There are 22 actuators for the robot: 16 corresponding to the joints in the fingers and 6 corresponding to the pose of the robot.
Camera Positions:
- first_person
- left
- right
- egocentric
- egocentric_zoom
Each finger along with palm also has a touch sensor which is used to detect wether the object is in contact with the finger or not.
Policy Training
The project is inspired by Learning Dexterous Grasping with Object-Centric Visual Affordances.
The image from the fixed camera is used to predict the affordances, i.e. the part of the object that should be held by the robot. This network is trained on contactdb dataset.

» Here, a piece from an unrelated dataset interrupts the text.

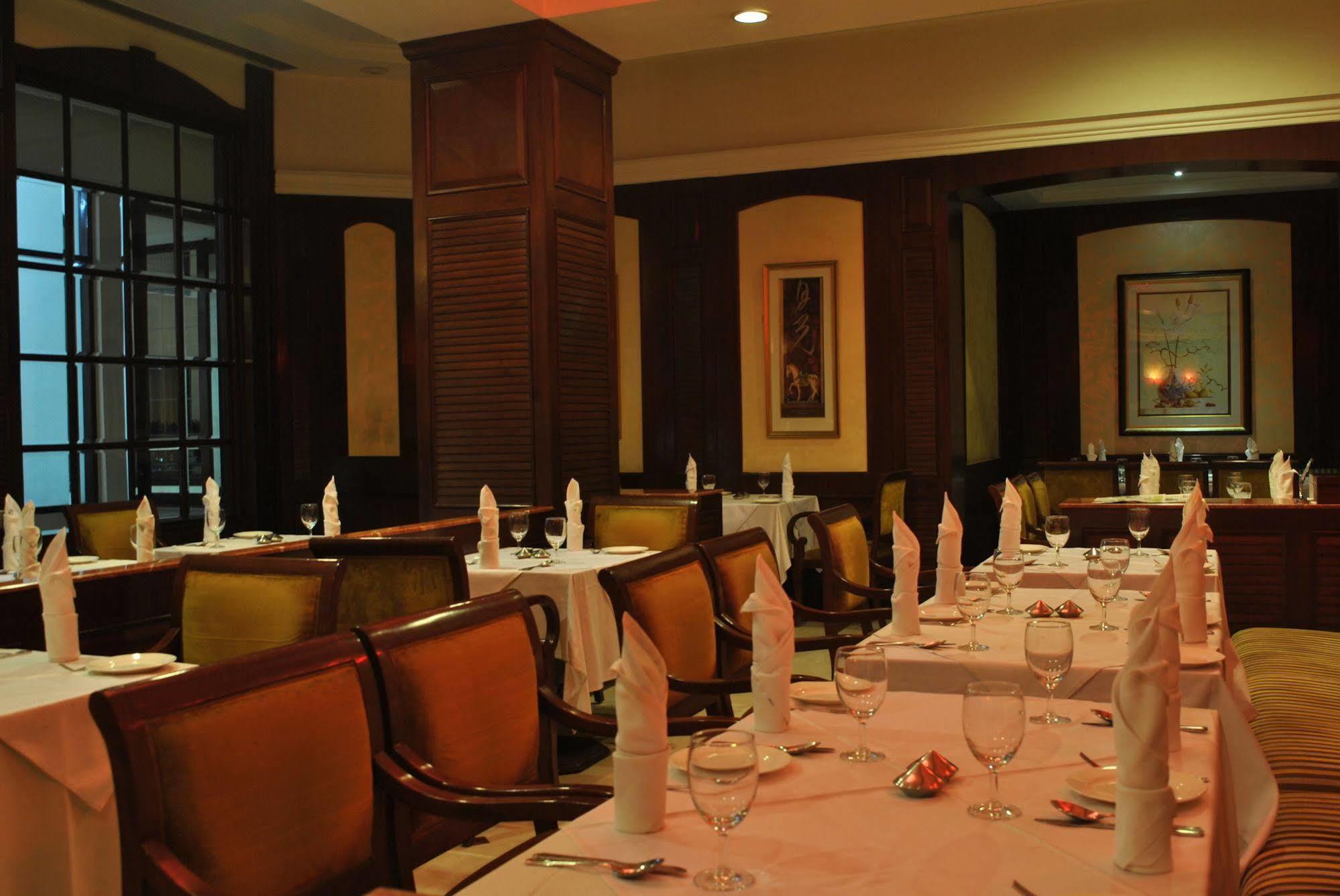 Dynasty Hotel Guwahati Exterior foto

RL Training: An actor critic model is used to train the PPO policy. OpenAI StableBaseline library is used is used to implement it.
Action Space: It is a 22DoF system with a continous space between joint limits.
Hardware
Allegro Hand is attached to a Emika Panda Franka arm using a machined part.
Sim2Real
The joint angles from the simulation are used.
Once we have the joints angles for a good grasp, it is smoothened and sent to the robot.
Joint states from the policy
Joint states given to robot
These joint states are given to Allegro hand using the PD controler it offers and franka is controlled through telleop.
Results
The policy was trained for 1M timesteps.